◆ **Exercise prompt**
Set down the data below in full, exactly as it reads, but without the pictures.

════════════════════

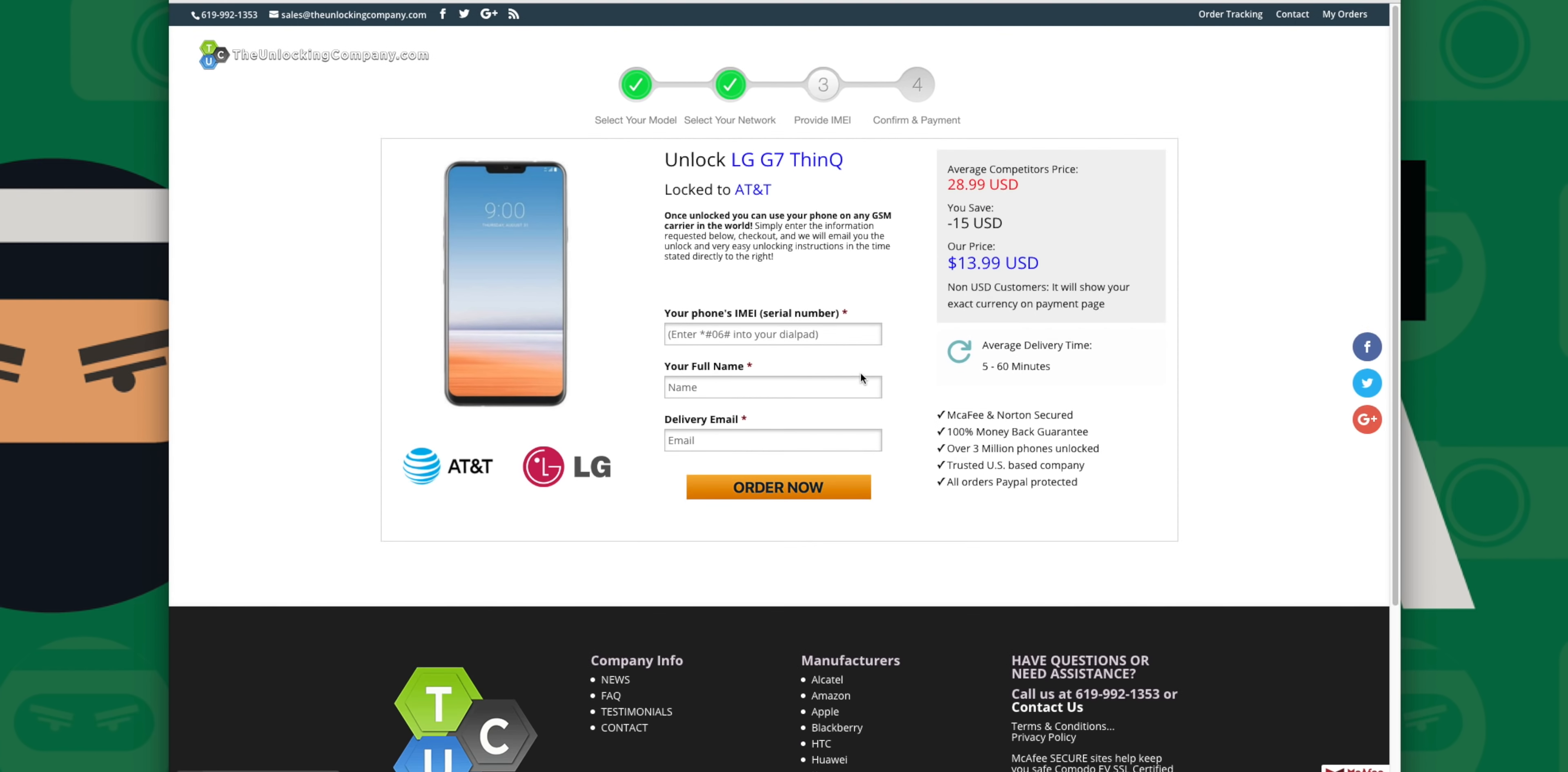After that, you'll get an email with your unlock information. The time depends on the phone, the carrier, and a few other factors, but hang tight—it won't be too long.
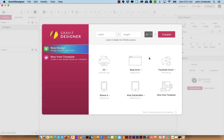In this first video for Gravit Designer, we are going to take a look at how to start a new document and look at the interface — the way that all the different components in Gravit work and how they are related to each other.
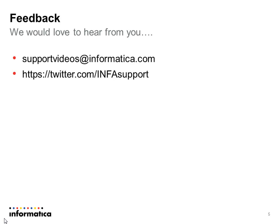I hope you found this presentation helpful. If you have any comments or suggestions, please send them to supportvideos@informatica.com. You can also follow us on Twitter.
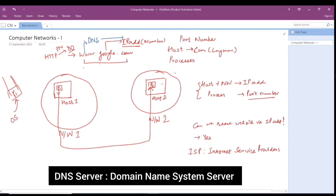When you write a website name, a request is made to the Domain Name Server. The DNS gives you an IP address, and from the IP address you reach the host. From the port number you reach the particular process where Google is running. Then there is a backward request from process P2 to process P1, which loads your web page — the Google search engine. This is how things work in the real world.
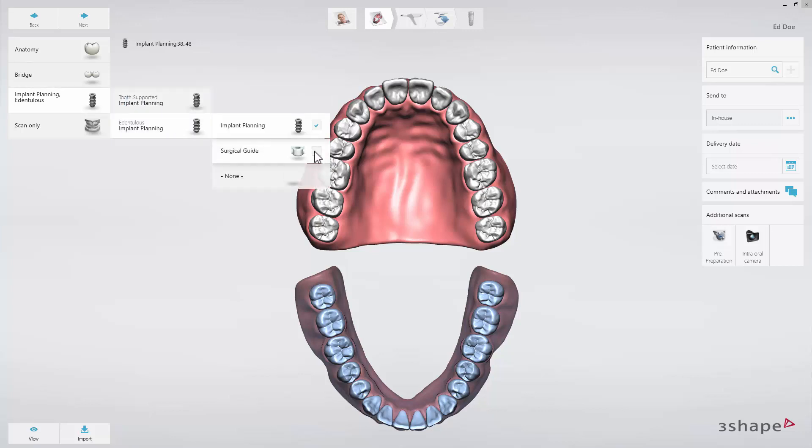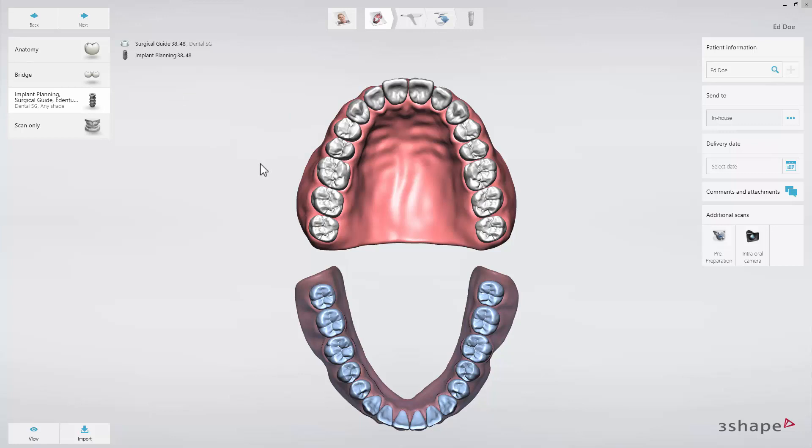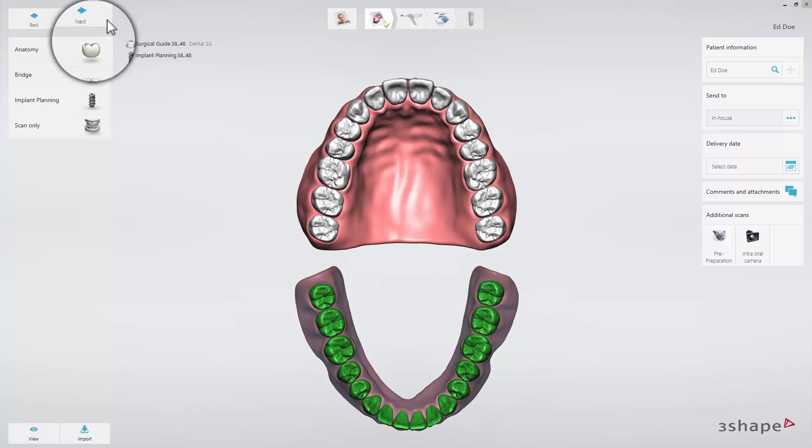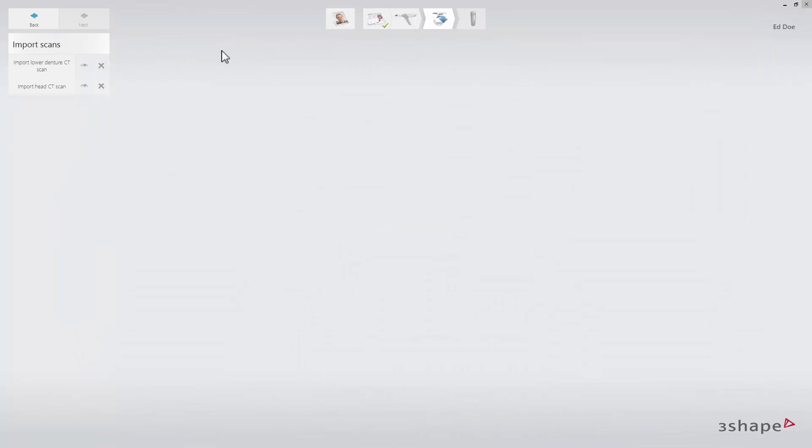We have now created an edentulous case and filled out the order form. Click next to proceed to the next step. Keep in mind that an edentulous case follows a dual CT scan protocol.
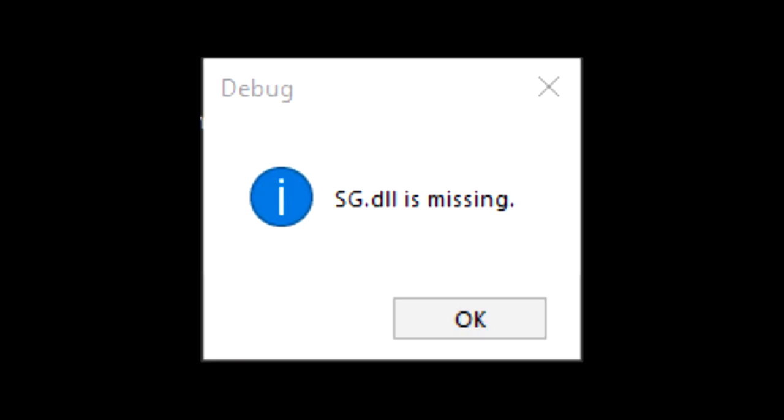When you opened up Vocodex, you came across this error saying that a file is missing when it isn't.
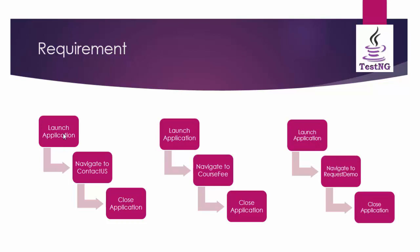Here we can see the launch application and the close applications are repeatable for each scenario. It's either three scenarios or ten scenarios. The launch application and the close application are the common methods. So instead of coding this method again and again what we can do is we can code it once and use it again and again which can be done using method annotation.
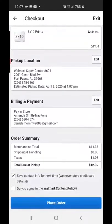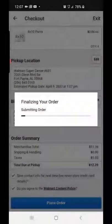Make sure you review your order and everything's correct. Then scroll down and click to agree to the Walmart content policy, and then place your order.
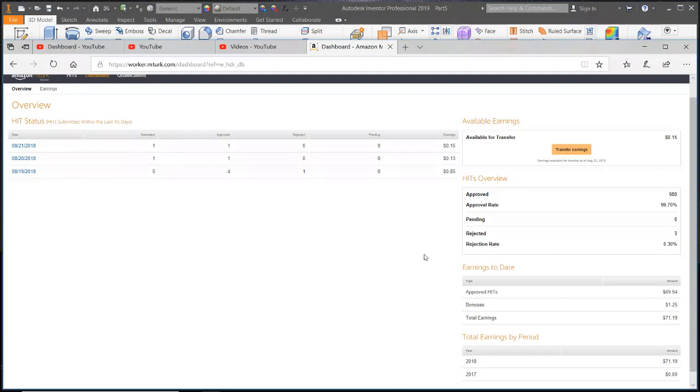Hey Youtubers, I decided to do another Mechanical Turk video. It's been a while since I've actually used the site.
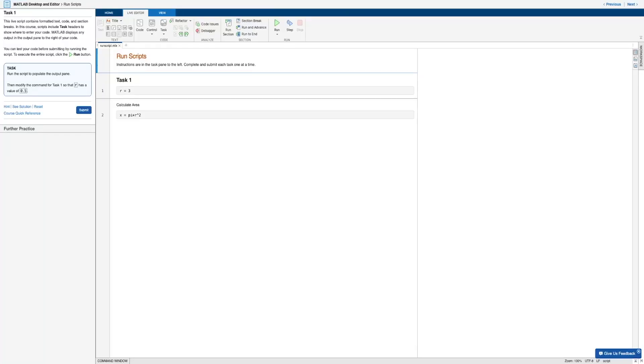Welcome to lesson six from my Intro to MATLAB onRAMP series. In this lesson, we will continue using the built-in live editor in MATLAB, specifically running different types of scripts this time.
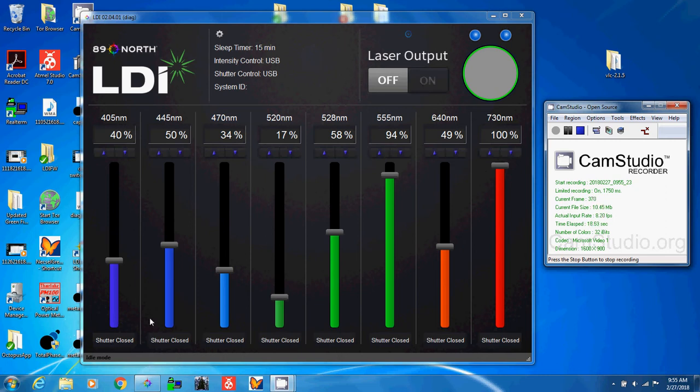You can see that it's in idle mode. It doesn't need to be in idle mode. It can be in warm-up. I could control the device right now without a problem.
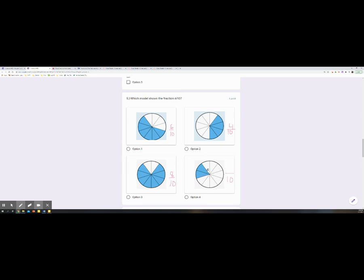And then one, two. All right. I want choice A here. That model is showing six-tenths.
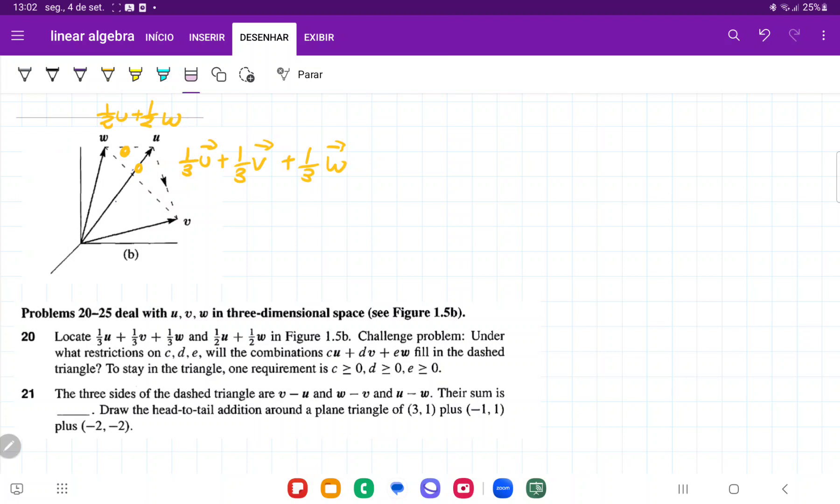And then it is asking us, challenge problem. Under what restrictions on C, D, E, on combination CU plus DV plus EW, fill in the dashed triangle? So in all the possible ways that we can add U plus V plus W, given the requirements is that they're greater than or equal to 0.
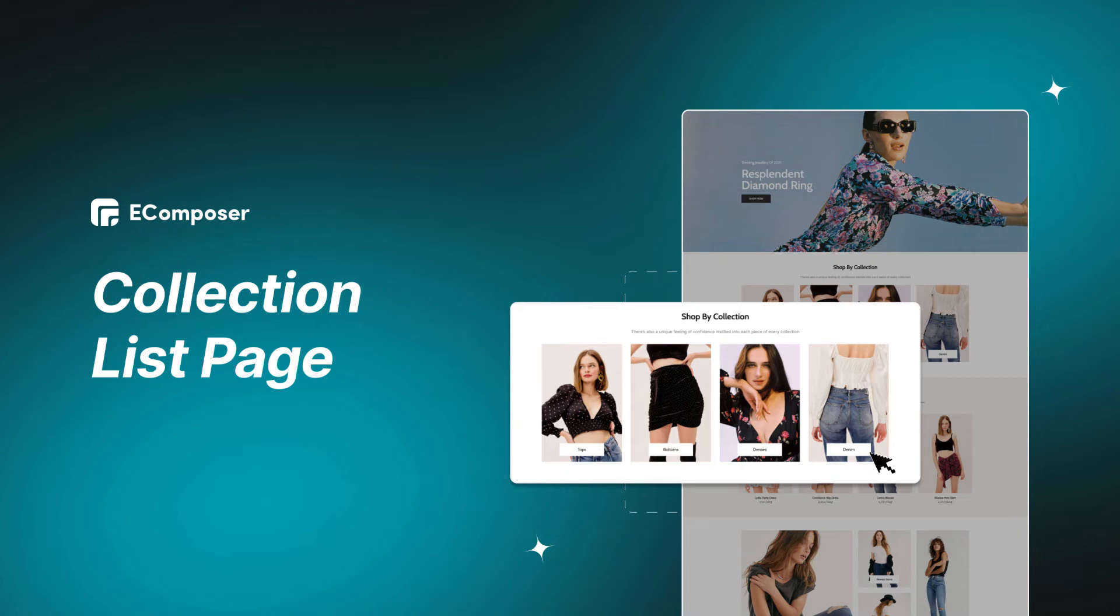Hi guys! Welcome back to the series, Creating Pages with eComposer.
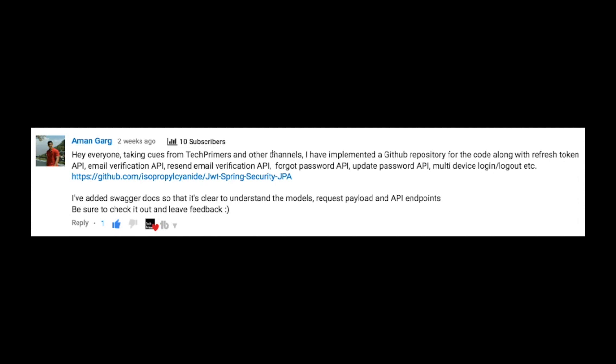I hope you guys please approach Aman if you have any clarifications on this project which he has created, and you can find the link for this GitHub repository in the description below.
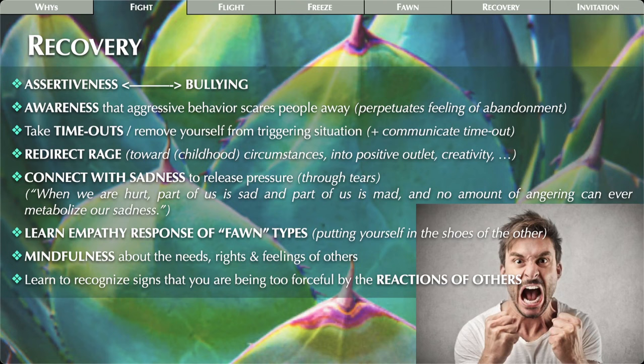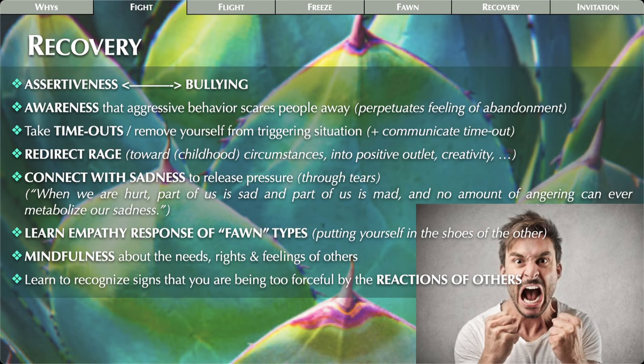The first thing for fight type recovery is becoming aware that aggressive behavior scares people away and actually perpetuates the feeling of being alone or abandoned — the exact opposite of what they're trying to achieve. Just becoming aware of that is the first step. Remember, first step is always awareness.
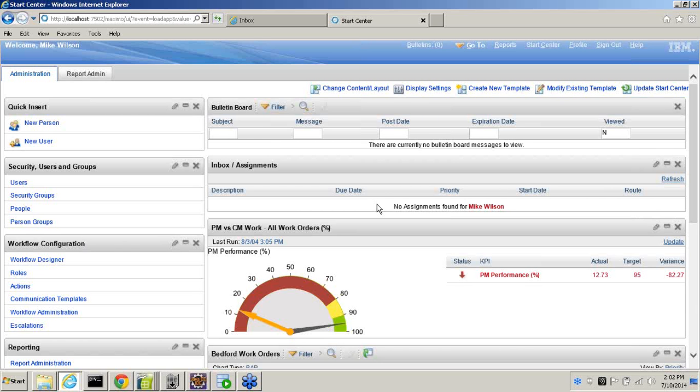Are you with me, William? I'm here, and you should have control. I have control. And can you see my screen?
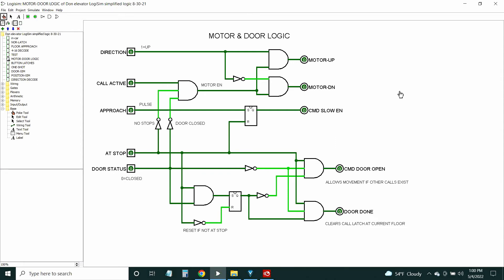The motor and door logic took a little bit of doing. Again, we have our inputs on the left. There's a direction signal from the other module, and those pass through to motor up and motor down, which go to the motor controller, not really shown here. Then the approach button tells it to slow down — that pretty much passes straight through, and it is reset when the car is at its stop at a floor that's been selected. Door status follows the door simulator.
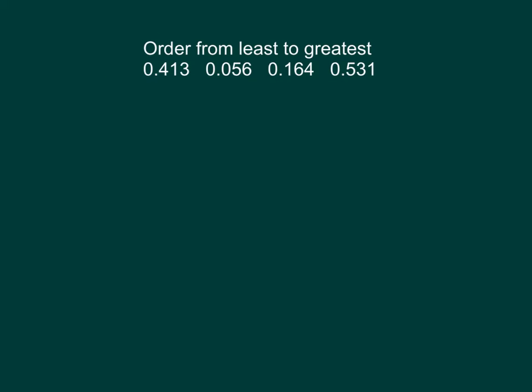Here's another type of problem that you can have, where you're ordering a list of numbers, in this case from least to greatest, from smallest to largest. One of the most common mistakes is to accidentally go in the wrong direction.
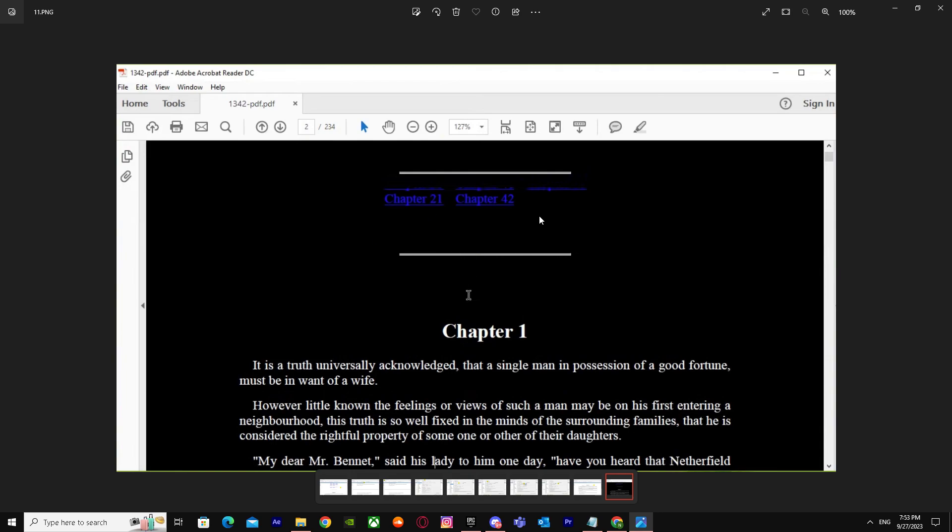Yeah, that's basically it on how you can convert background colors in a PDF. I hope I helped you guys out. Peace.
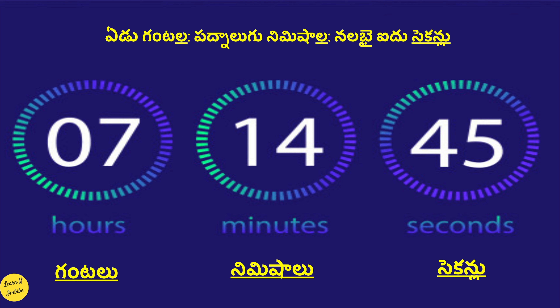Now let's see the sequence for how to read a clock: it should be hours, followed by minutes, followed by seconds. For example, 7 hours 14 minutes and 45 seconds. To simplify: hours in Telugu is gantalu, minutes is nimishalu, and seconds is secondlu. From our earlier video, 7 in Telugu is edu, 14 is padnalugu, and 45 is nalabhai aidu. So the full reading is: edu gantala padnalugu nimishala nalabhai aidu secondlu.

════════════════════

◆ **Output for this exercise**
After that, you'll get an email with your unlock information. The time depends on the phone, the carrier, and a few other factors, but hang tight—it won't be too long.
In this first video for Gravit Designer, we are going to take a look at how to start a new document and look at the interface — the way that all the different components in Gravit work and how they are related to each other.
I hope you found this presentation helpful. If you have any comments or suggestions, please send them to supportvideos@informatica.com. You can also follow us on Twitter.
When you write a website name, a request is made to the Domain Name Server. The DNS gives you an IP address, and from the IP address you reach the host. From the port number you reach the particular process where Google is running. Then there is a backward request from process P2 to process P1, which loads your web page — the Google search engine. This is how things work in the real world.
We have now created an edentulous case and filled out the order form. Click next to proceed to the next step. Keep in mind that an edentulous case follows a dual CT scan protocol.
When you opened up Vocodex, you came across this error saying that a file is missing when it isn't.
Here we can see the launch application and the close applications are repeatable for each scenario. It's either three scenarios or ten scenarios. The launch application and the close application are the common methods. So instead of coding this method again and again what we can do is we can code it once and use it again and again which can be done using method annotation.
Make sure you review your order and everything's correct. Then scroll down and click to agree to the Walmart content policy, and then place your order.
Hey Youtubers, I decided to do another Mechanical Turk video. It's been a while since I've actually used the site.
Welcome to lesson six from my Intro to MATLAB onRAMP series. In this lesson, we will continue using the built-in live editor in MATLAB, specifically running different types of scripts this time.
You can see that it's in idle mode. It doesn't need to be in idle mode. It can be in warm-up. I could control the device right now without a problem.
And then one, two. All right. I want choice A here. That model is showing six-tenths.
And then it is asking us, challenge problem. Under what restrictions on C, D, E, on combination CU plus DV plus EW, fill in the dashed triangle? So in all the possible ways that we can add U plus V plus W, given the requirements is that they're greater than or equal to 0.
Hi guys! Welcome back to the series, Creating Pages with eComposer.
I hope you guys please approach Aman if you have any clarifications on this project which he has created, and you can find the link for this GitHub repository in the description below.
The first thing for fight type recovery is becoming aware that aggressive behavior scares people away and actually perpetuates the feeling of being alone or abandoned — the exact opposite of what they're trying to achieve. Just becoming aware of that is the first step. Remember, first step is always awareness.
Are you with me, William? I'm here, and you should have control. I have control. And can you see my screen?
The motor and door logic took a little bit of doing. Again, we have our inputs on the left. There's a direction signal from the other module, and those pass through to motor up and motor down, which go to the motor controller, not really shown here. Then the approach button tells it to slow down — that pretty much passes straight through, and it is reset when the car is at its stop at a floor that's been selected. Door status follows the door simulator.
Here's another type of problem that you can have, where you're ordering a list of numbers, in this case from least to greatest, from smallest to largest. One of the most common mistakes is to accidentally go in the wrong direction.
Yeah, that's basically it on how you can convert background colors in a PDF. I hope I helped you guys out. Peace.
Now let's see the sequence for how to read a clock: it should be hours, followed by minutes, followed by seconds. For example, 7 hours 14 minutes and 45 seconds. To simplify: hours in Telugu is gantalu, minutes is nimishalu, and seconds is secondlu. From our earlier video, 7 in Telugu is edu, 14 is padnalugu, and 45 is nalabhai aidu. So the full reading is: edu gantala padnalugu nimishala nalabhai aidu secondlu.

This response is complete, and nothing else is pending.